3. printSchema() with Nested Structure

While working on DataFrame, we often need to work with the nested struct column, and this can be defined using StructType. In the below example, column name data type is StructType which is nested.

printSchema() method on the PySpark DataFrame shows StructType columns as struct.


# Nested structure
schema = StructType([ \
    StructField('name', StructType([
             StructField('firstname', StringType(), True),
             StructField('middlename', StringType(), True),
             StructField('lastname', StringType(), True)
             ])),                 
    StructField("language",StringType(),True), \
    StructField("fee",IntegerType(),True)
  ])
data =  [(("James","","Smith"),"Java",20000),
         (("Michael","Rose",""),"Python",10000)]
df = spark.createDataFrame(data=data,schema=schema)
df.printSchema()

Yields below output.


# Output
root
 |-- name: struct (nullable = true)
 |    |-- firstname: string (nullable = true)
 |    |-- middlename: string (nullable = true)
 |    |-- lastname: string (nullable = true)
 |-- language: string (nullable = true)
 |-- fee: integer (nullable = true)

4. Using ArrayType and MapType

StructType also supports ArrayType and MapType to define the DataFrame columns for array and map collections respectively. In the below example, column languages defined as ArrayType(StringType) and properties defined as MapType(StringType,StringType) meaning both key and value as String.

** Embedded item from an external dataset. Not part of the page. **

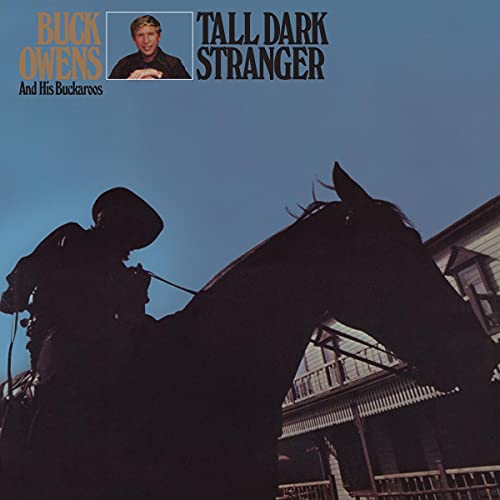 Album cover for Buck Owens’ “Tall Dark Stranger” featuring a cowboy on horseback.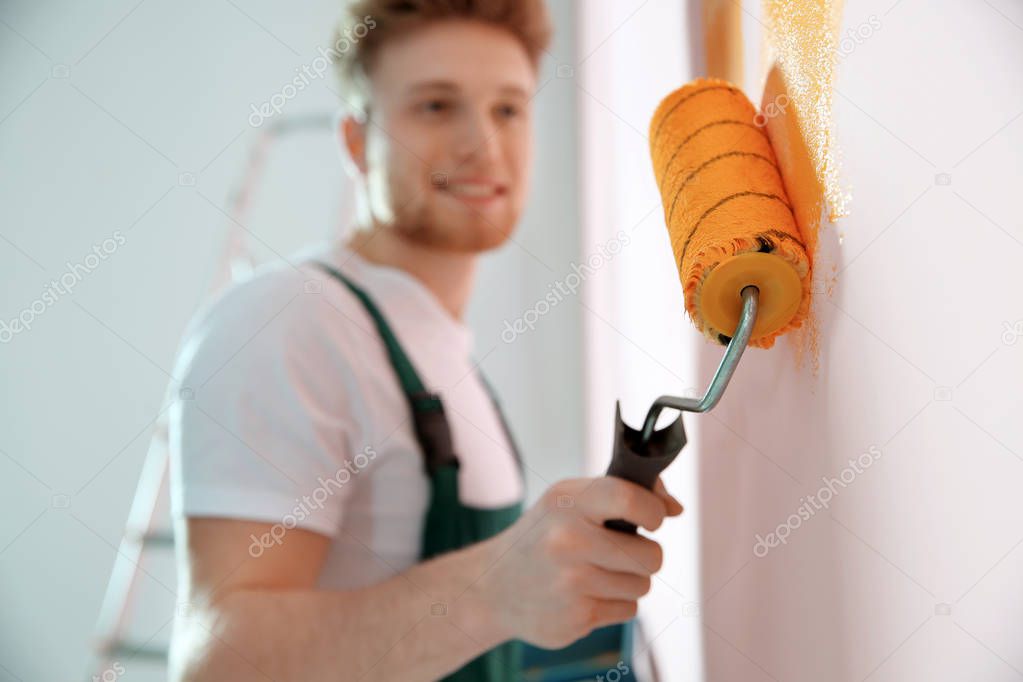 Professional decorator painting wall indoors. Home repair service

# Using ArrayType & MapType
from pyspark.sql.types import StringType, ArrayType,MapType
schema = StructType([
       StructField('name', StringType(), True),
       StructField('languages', ArrayType(StringType()), True),
       StructField('properties', MapType(StringType(),StringType()), True)
    ])

data =  [("James",["Java","Scala"],{'hair':'black','eye':'brown'}),
         ("Michael",["Python","PHP"],{'hair':'brown','eye':None})]
df = spark.createDataFrame(data=data,schema=schema)
df.printSchema()

Outputs the below schema. Note that field languages is array type and properties is map type.


# Output
root
 |-- name: string (nullable = true)
 |-- languages: array (nullable = true)
 |    |-- element: string (containsNull = true)
 |-- properties: map (nullable = true)
 |    |-- key: string
 |    |-- value: string (valueContainsNull = true)

Complete Example


# Import
from pyspark.sql import SparkSession

# Create SparkSession
spark = SparkSession.builder.master("local[1]") \
                    .appName('SparkByExamples.com') \
                    .getOrCreate()
# Example 1 - printSchema()                    
columns = ["language","fee"]
data = [("Java", 20000), ("Python", 10000), ("Scala", 10000)]

df = spark.createDataFrame(data).toDF(*columns)
df.printSchema()

# Example 2 - Using StructType & StructField
from pyspark.sql.types import StructType,StructField, StringType, IntegerType

schema = StructType([ \
    StructField("language",StringType(),True), \
    StructField("fee",StringType(),True)
  ])
 
df = spark.createDataFrame(data=data,schema=schema)
df.printSchema()

# Example 3 - Using Nested StructType
schema = StructType([ \
    StructField('name', StructType([
             StructField('firstname', StringType(), True),
             StructField('middlename', StringType(), True),
             StructField('lastname', StringType(), True)
             ])),                 
    StructField("language",StringType(),True), \
    StructField("fee",IntegerType(),True)
  ])
data =  [(("James","","Smith"),"Java",20000),
         (("Michael","Rose",""),"Python",10000)]
df = spark.createDataFrame(data=data,schema=schema)
df.printSchema()

# Example 4 - Using MapType & ArrayType
from pyspark.sql.types import  StringType, ArrayType,MapType
schema = StructType([
       StructField('name', StringType(), True),
       StructField('languages', ArrayType(StringType()), True),
       StructField('properties', MapType(StringType(),StringType()), True)
    ])

data =  [("James",["Java","Scala"],{'hair':'black','eye':'brown'}),
         ("Michael",["Python","PHP"],{'hair':'brown','eye':None})]
df = spark.createDataFrame(data=data,schema=schema)
df.printSchema()

Conclusion

In this article, you have learned the syntax and usage of the PySpark printschema() method with several examples, including how printSchema() displays the schema of the DataFrame when it has nested structure, array, and map (dict) types.

The printSchema() is an essential tool in PySpark for inspecting and verifying the structure of DataFrames, ensuring data integrity, and aiding in the development of robust data processing pipelines.

Happy Learning !!